S. Shankar

Contact:
subraman@hawaii.edu

Website:
S. Shankar


Office hours:
T 10-12


S. Shankar is a critic, novelist,  and translator. His scholarly areas of interest are postcolonial literature (especially of Africa and South Asia), literature of immigration, film, creative writing and translation studies. He is Professor of English and Chair of the English Department, and editor of the literary journal Mānoa, based in the department.

His most recent books are the novel Ghost in the Tamarind (U of Hawaii Press 2017) and the co-edited anthology Caste and Life Narratives (special issue of Biography 2017 and Primus Books India 2019). An Italian translation of Ghost in the Tamarind was published in 2021.

His last book-length work of criticism is Flesh and Fish Blood: Postcolonialism, Translation, and the Vernacular (U. of California P.; OrientBlackswan India), published in 2012.

Two other novels are No End to the Journey, published by Steerforth Press in 2005, and A Map of Where I Live, published in 1998. A Spanish translation of No End to the Journey appeared in 2009.

In 2001, Shankar published his first volume of criticism, entitled Textual Traffic: Colonialism, Modernity, and the Economy of the Text (SUNY Press).

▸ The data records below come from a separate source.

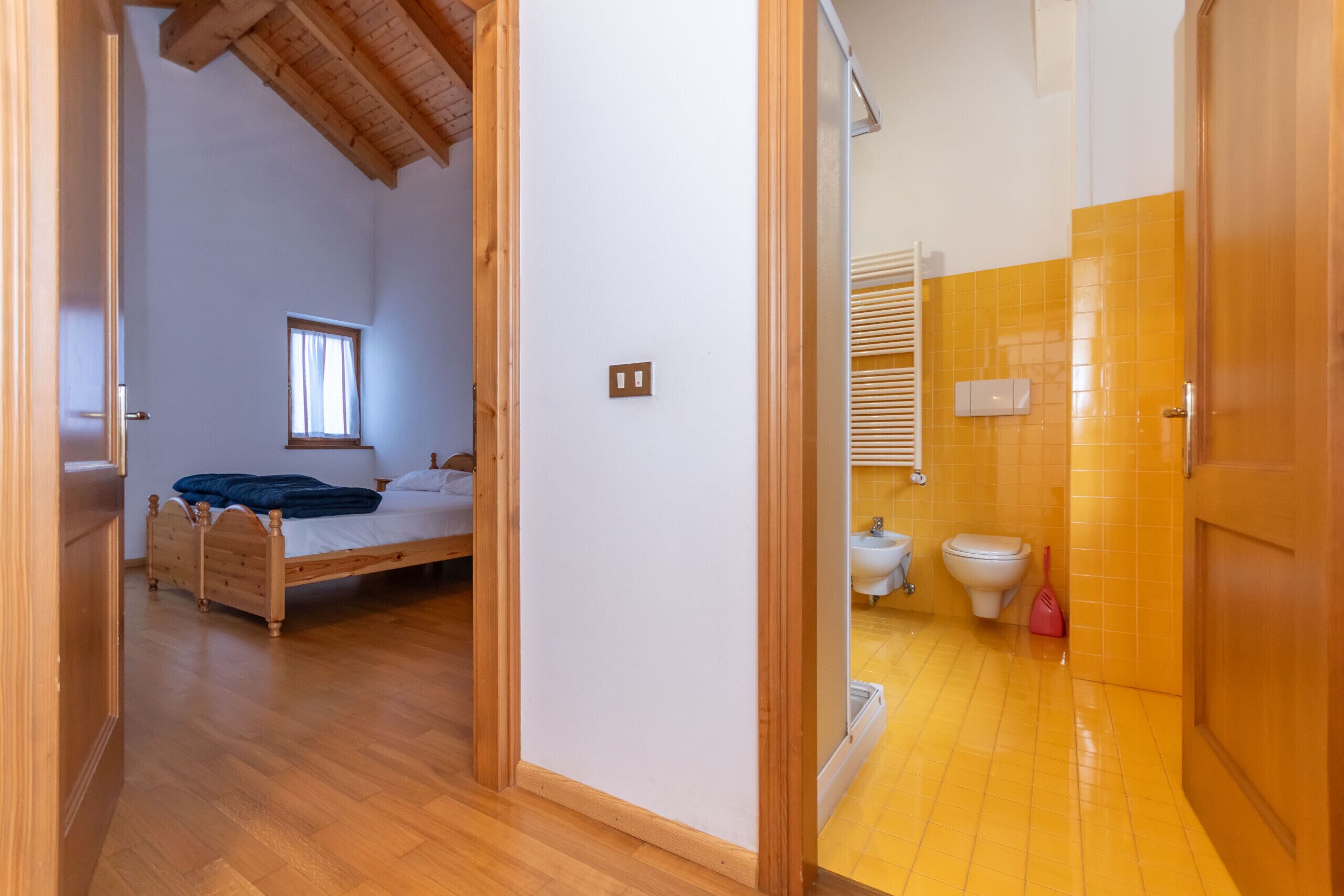 A bedroom with a wooden bed, a window, and a bathroom with a toilet and sink.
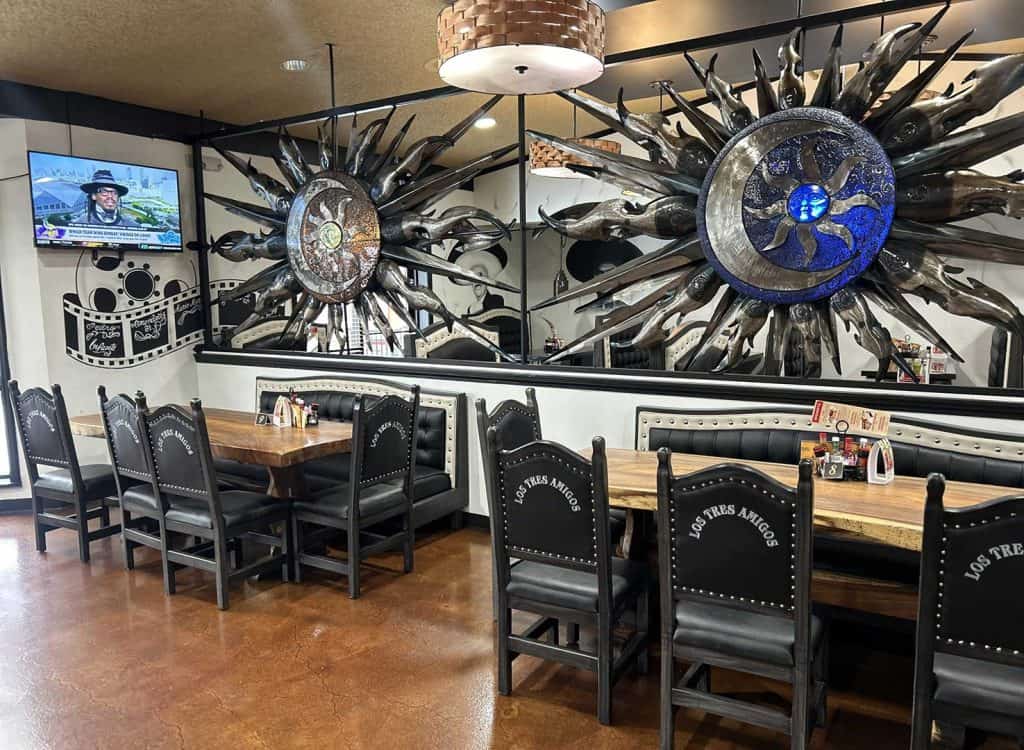 Sunburst wall decor with metallic rays and blue accents, enhancing the restaurant's modern industria.
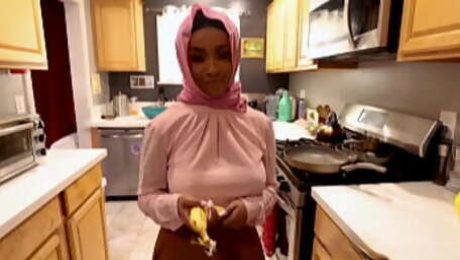 Hijab wearing babe Lily Starfire having a taste of an American cock and is eager to have it inside her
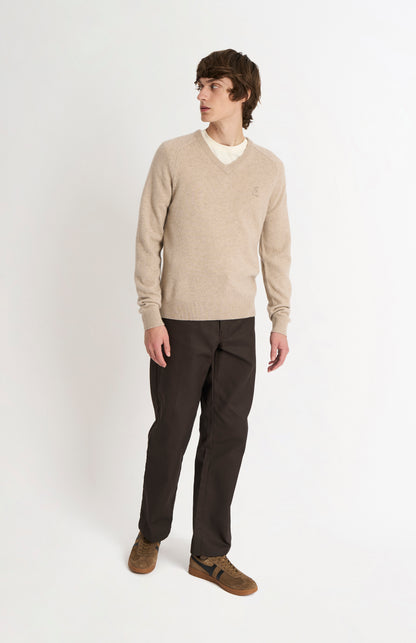 Pringle of Scotland Men’s Lambswool V Neck Jumper In Oatmeal on standing model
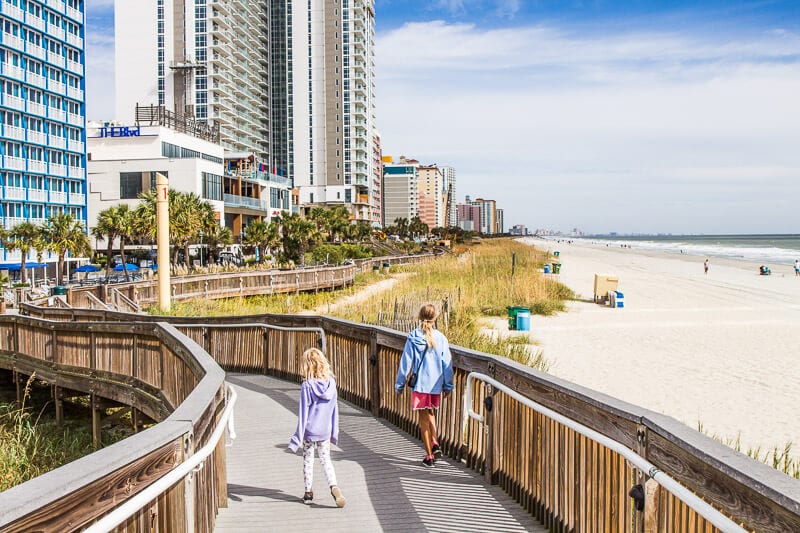 kalyra and savannah walking on myrtle beach boardwalk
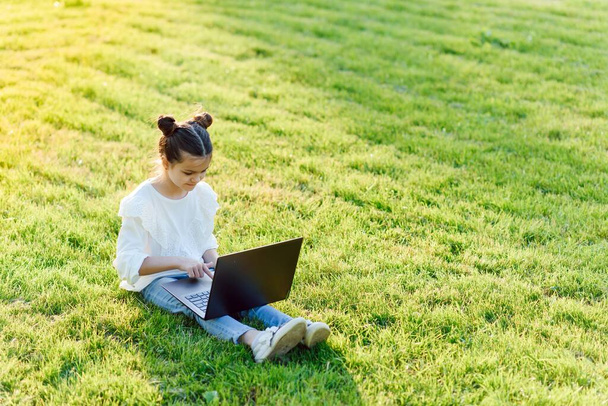 Little girl sitting in the park and working with laptop. Education, lifestyle, technology concept - Photo, image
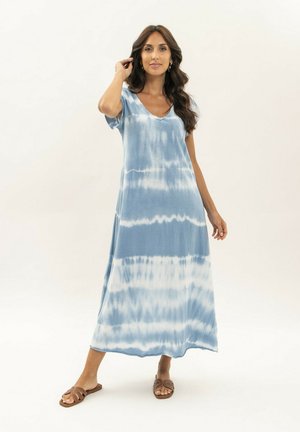 Femme portant une robe maxi tie-dye bleue et blanche à manches courtes et des sandales marron à enfiler, debout sur un fond blanc.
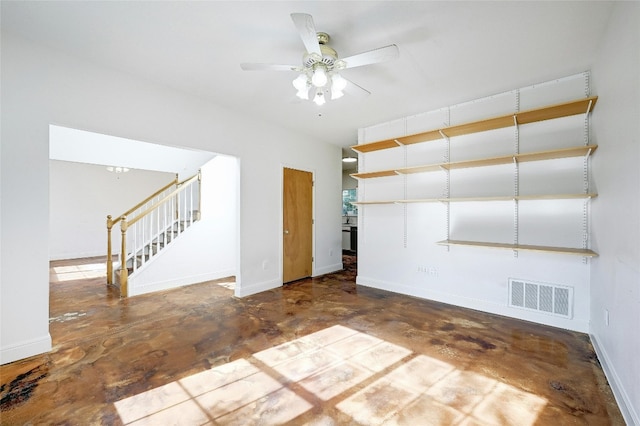 unfurnished room with ceiling fan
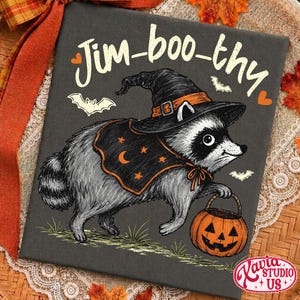 May include: A rectangular black canvas print featuring a gray raccoon wearing a black witch hat and a black cape with orange stars and a crescent moon. The raccoon holds an orange jack-o'-lantern bucket. The text Jim-boo-thy is printed above.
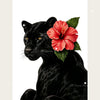A black leopard with a vibrant red hibiscus flower resting on its head.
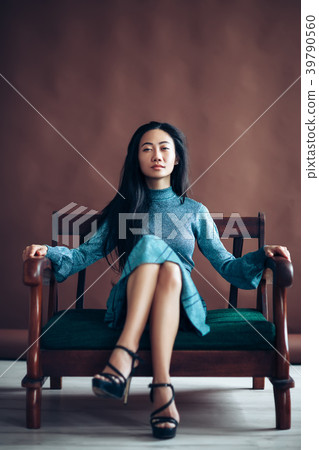 Confident asian girl in blue dress sits on sofa Confident asian girl in blue dress sits on sofa 39790560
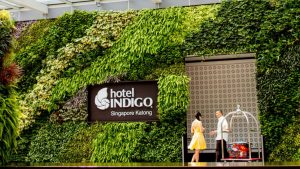 Contemporary hotel entrance featuring lush greenery and the Hotel Indigo sign in Singapore Katong.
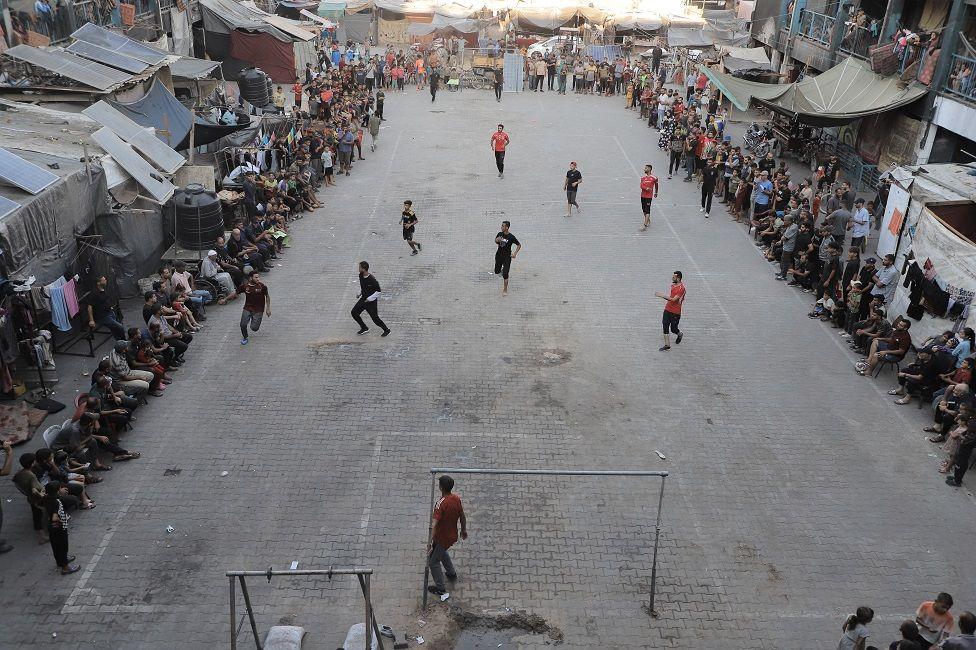 Jóvenes jugando fútbol en un patio

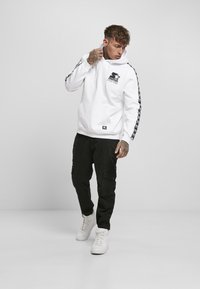 Hanorac alb cu glugă, cu un buzunar frontal, logo negru pe piept și accente cu model negru pe mâneci. Purtați cu pantaloni cargo negri și adidași albi.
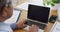 Senior biracial male doctor sitting at desk using laptop, copy space on screen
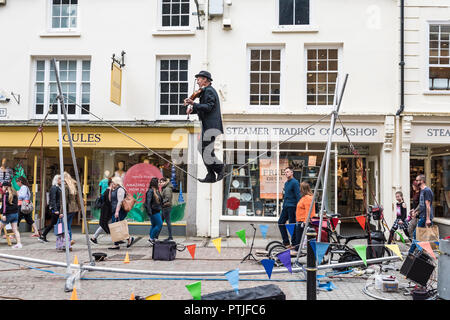 Un animatore di strada a suonare il violino e il bilanciamento su una linea di lasco in Truro City Centre in Cornovaglia. Foto Stock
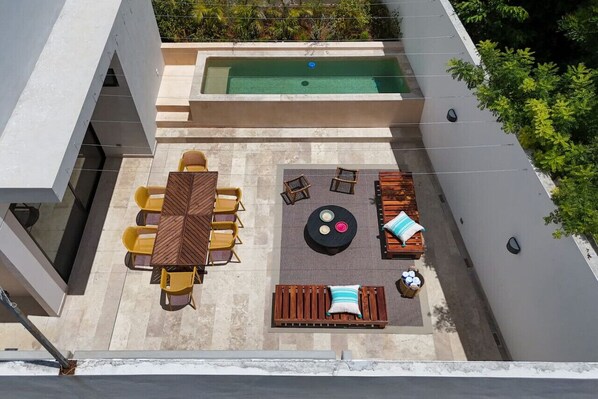 An outdoor patio with a pool, a dining table with chairs, and a seating area with cushions and a round table. - Aposento - Private pool, gym & panoramic rooftop by LAHOS (Mérida)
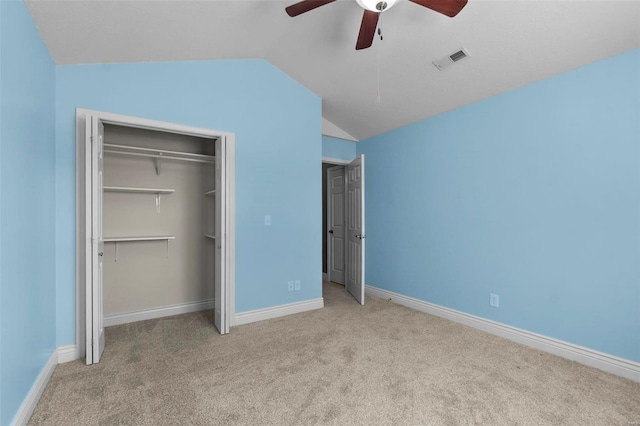 unfurnished bedroom featuring light carpet, lofted ceiling, a closet, and ceiling fan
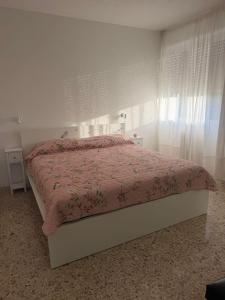 a bedroom with a bed with a pink comforter at Binario1 Lake View in Lierna
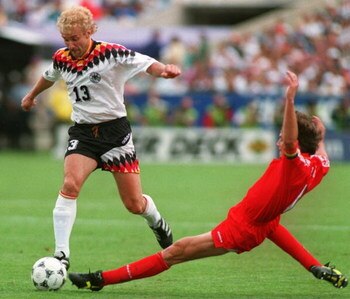 2 JUL 1994:   RUDY VOELLER OF GERMANY AVOIDS THE TACKLE OF GEORGES GRUN OF BELGIUM  DURING THE FIRST-HALF AT SOLDIER FIELD IN CHICAGO, ILLINOIS.  VOLLER SCORED TWO GOALS AND ASSISTED ON A THIRD AS GERMANY LED BELGIUM, 3-1 AT THE HALF. Mandatory Credit: Ch
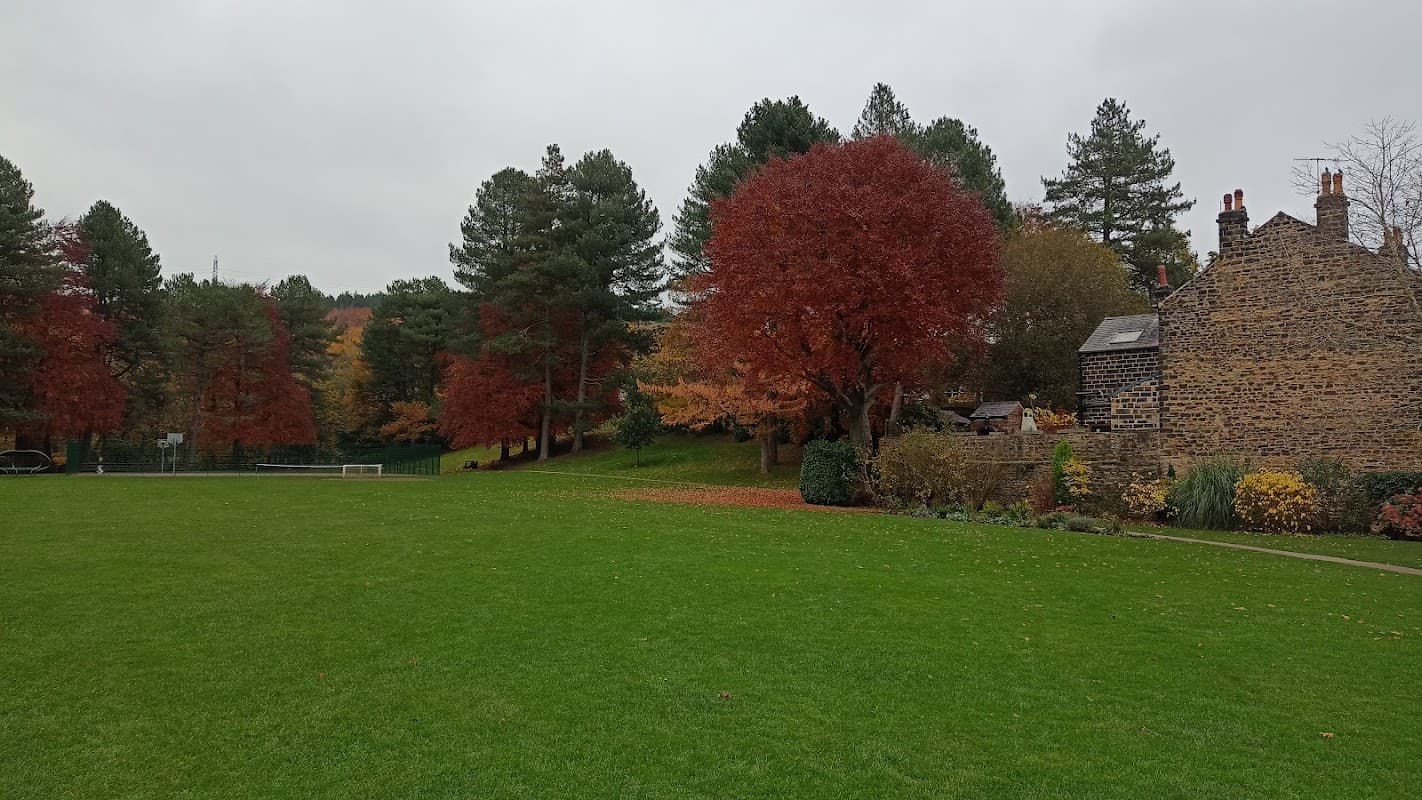 Lush green field surrounded by autumn trees, with vibrant red foliage and stone buildings in the background.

The book has been positively reviewed for its explication of the relationship between colonialism and modernity and its innovations of critical methodology.

Shankar is co-editor with Louis Mendoza of the anthology Crossing into America: The New Literature of Immigration (New Press, 2003), which brings together poems, excerpts from novels and memoirs, short stories, letters, and essays to present immigrant literature since 1965.

Shankar is a translator from Tamil, including of the full-length Tamil play Water! by Komal Swaminathan, published in 2001 in India by Seagull Press and in the US by Asian Theatre Journal, and of the famous 18th-century Krishna devotional “Alaipaayuthey,” which appears in No End to the Journey as “Restless as the Waves of the Ocean.”

Shankar has published shorter pieces in a wide variety of scholarly and general interest periodicals in India and the US. His scholarly articles, poems, reviews, and literary essays have appeared in such academic journals and popular venues as PMLA, Tin House, Massachusetts Review,  Comparative Literature, Critical Inquiry, Outlook, The Hindu, Pioneer, Village Voice, and The Nation.  The scholarly article "The Ruse of Freedom: A Comparative Essay on Ahimsa and Freedom of Expression” was published in Cultural Critique in 2022; and the short story "Chennai Block South: Intrusion of Untouchables" was published in ISLE in 2020.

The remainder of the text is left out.